▸ Exercise prompt:
Retype exactly the span of lines below from the one with "Bagpack W 51" through the one with "Used 2020 Jeep Wrangler Unlimited Sport". Do not include pictures.

▸ Entries provided:
:::

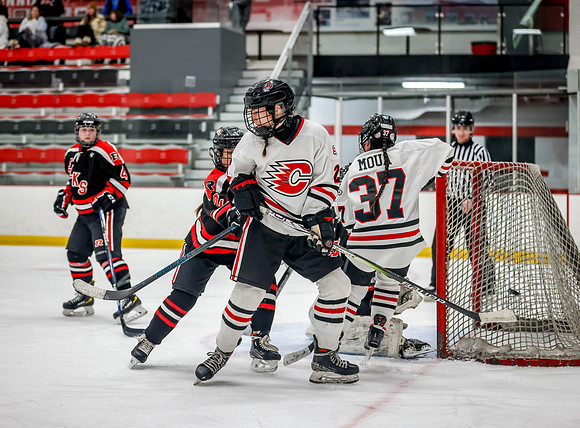 Centennial vs Elk River JV Hockey 68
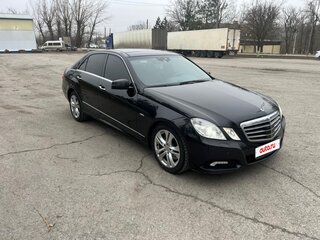 2009 Mercedes-Benz E-Класс 250 5G-Tronic IV (W212, S212, C207), чёрный, 1700000 рублей, вид 2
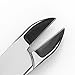 Heavy Duty Toenail Clippers for Thick or Ingrown Nails, Professional 4.5 Inch Surgical Grade Japanese Stainless Steel Nippers By Sterling Beauty Tools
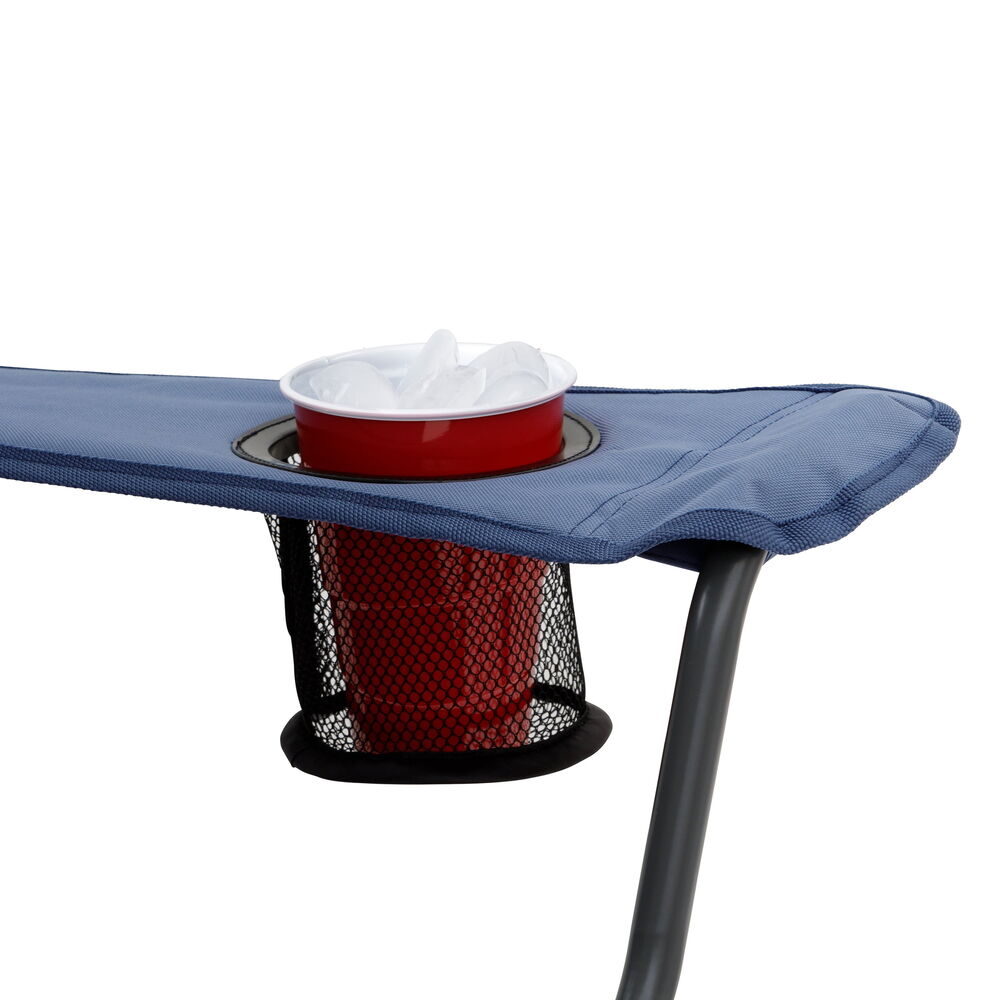Shaded Canopy Camping Chair with Cup Holders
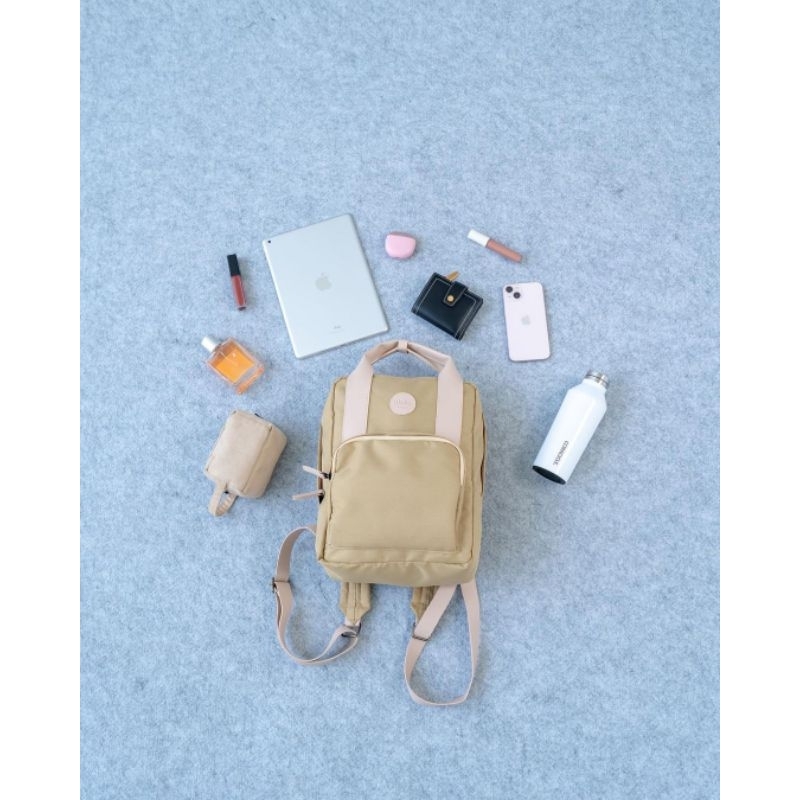 Bagpack W 51 (Medium) by Flicka Bags - Tas Ransel/Tas Sekolah/Tas Laptop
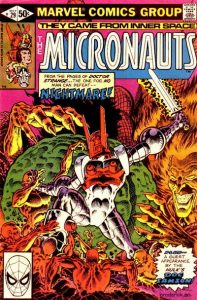 Micronauts #29 (1981)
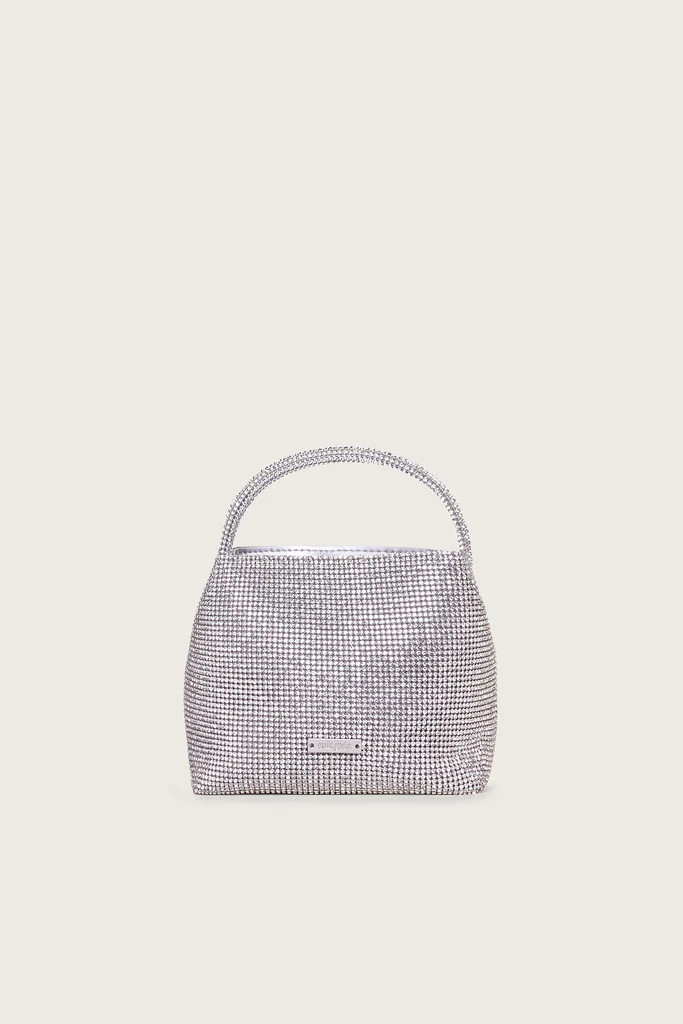 SOLENE MINI RHINESTONE BAG - CLEAR | Cult Gaia - US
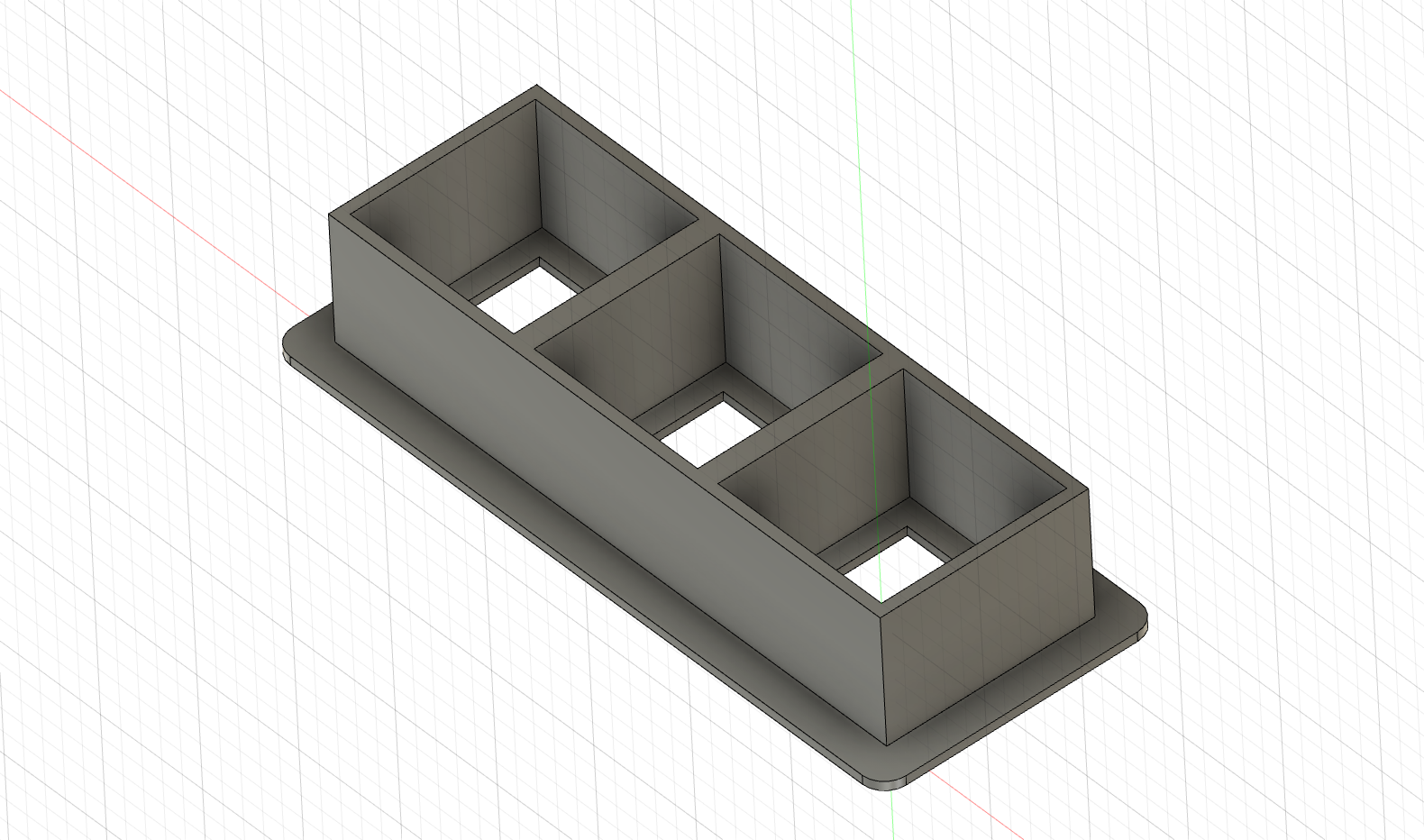 nespresso scatola In piedi titolare supporto caffè espresso 3D print model - Mito3D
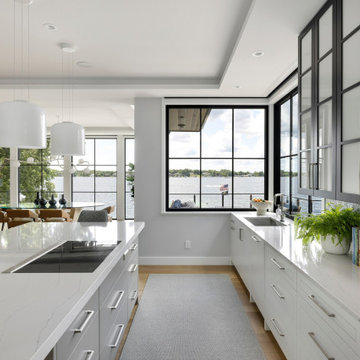 Modern Lakeview Retreat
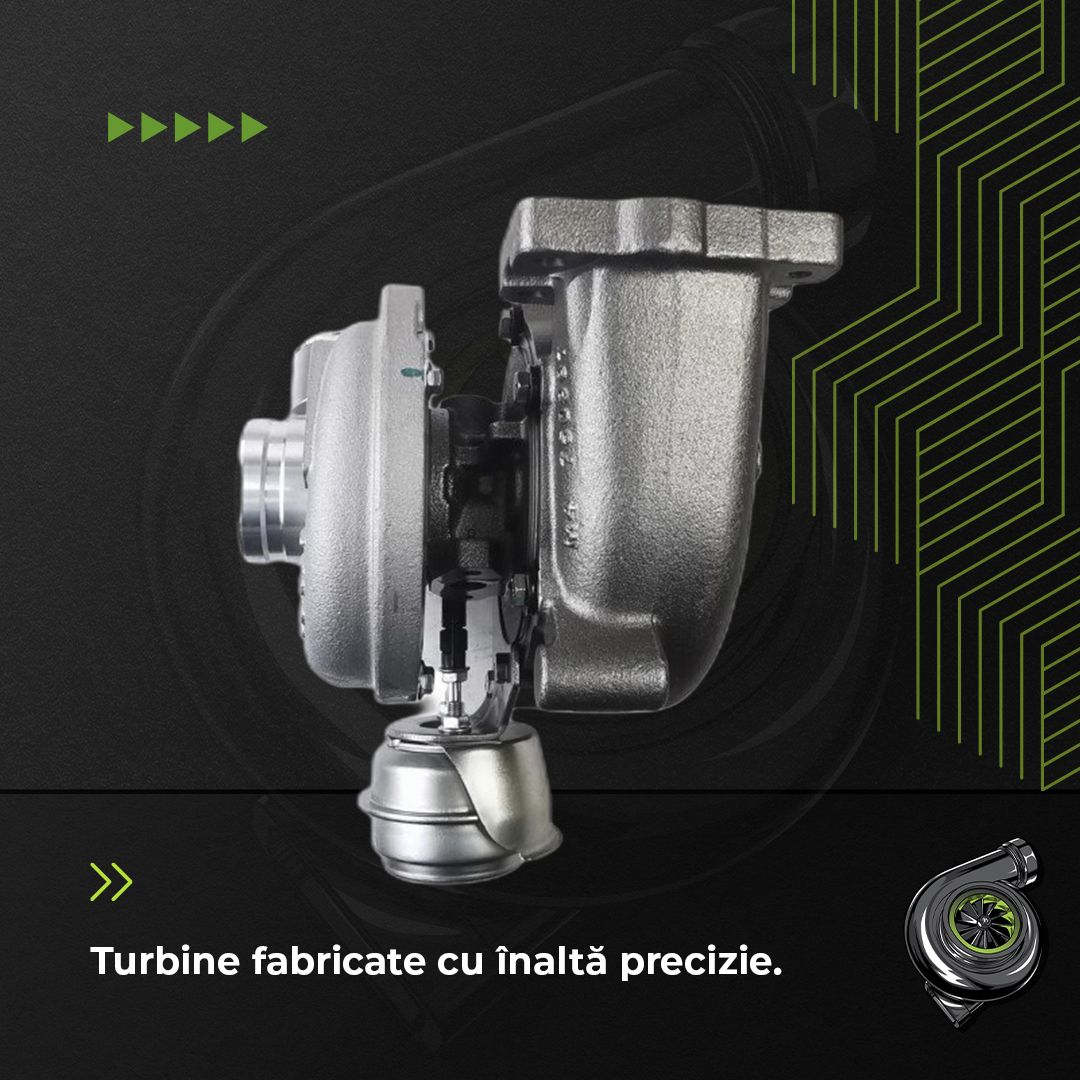 Turbina IVECO DAILY III Van 35 S 15 V; 35 C 15 V 107 KW / 146 CP Noua - Image 3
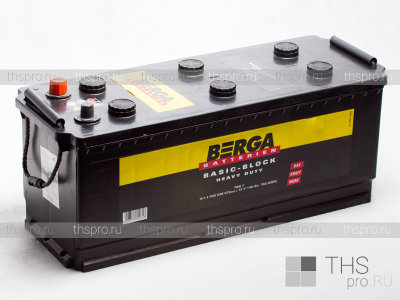 Аккумулятор  BERGA 140Ah EN760 п.п.(513х189х223) (TBB 7)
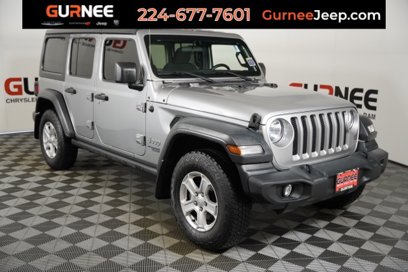 Used 2020 Jeep Wrangler Unlimited Sport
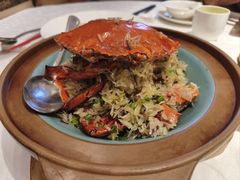 鲜椒香米焗肉蟹-红城阁·上海味道(四平路店)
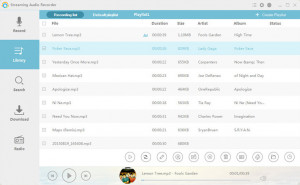 Apowersoft Streaming Audio Recorder - náhled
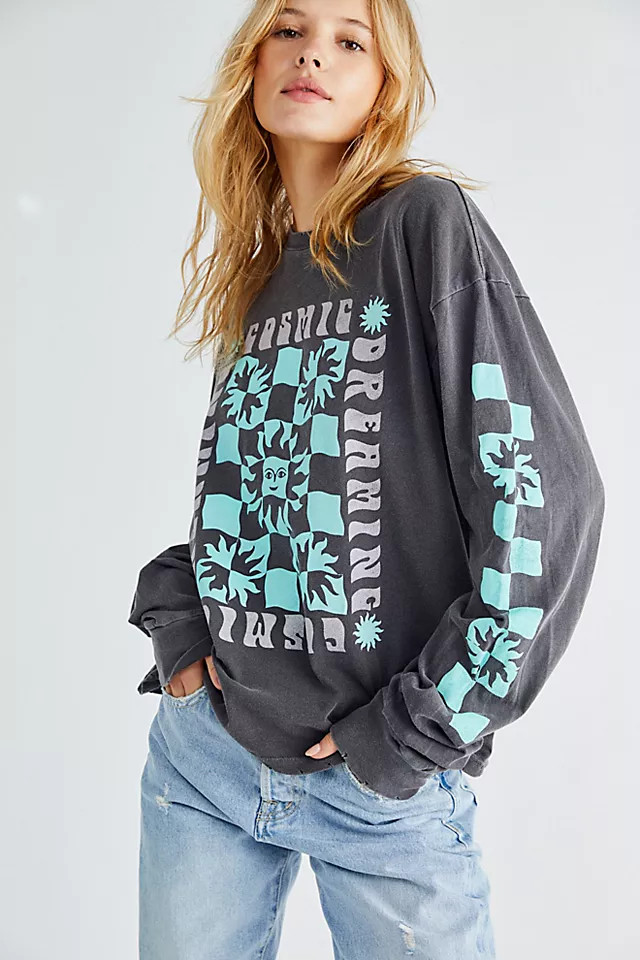 Cosmic Dreaming Long Sleeve | Free People (Global - UK&FR Excluded)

:::

▸ Result of the exercise:
 Bagpack W 51 (Medium) by Flicka Bags - Tas Ransel/Tas Sekolah/Tas Laptop
 Micronauts #29 (1981)
 SOLENE MINI RHINESTONE BAG - CLEAR | Cult Gaia - US
 nespresso scatola In piedi titolare supporto caffè espresso 3D print model - Mito3D
 Modern Lakeview Retreat
 Turbina IVECO DAILY III Van 35 S 15 V; 35 C 15 V 107 KW / 146 CP Noua - Image 3
 Аккумулятор  BERGA 140Ah EN760 п.п.(513х189х223) (TBB 7)
 Used 2020 Jeep Wrangler Unlimited Sport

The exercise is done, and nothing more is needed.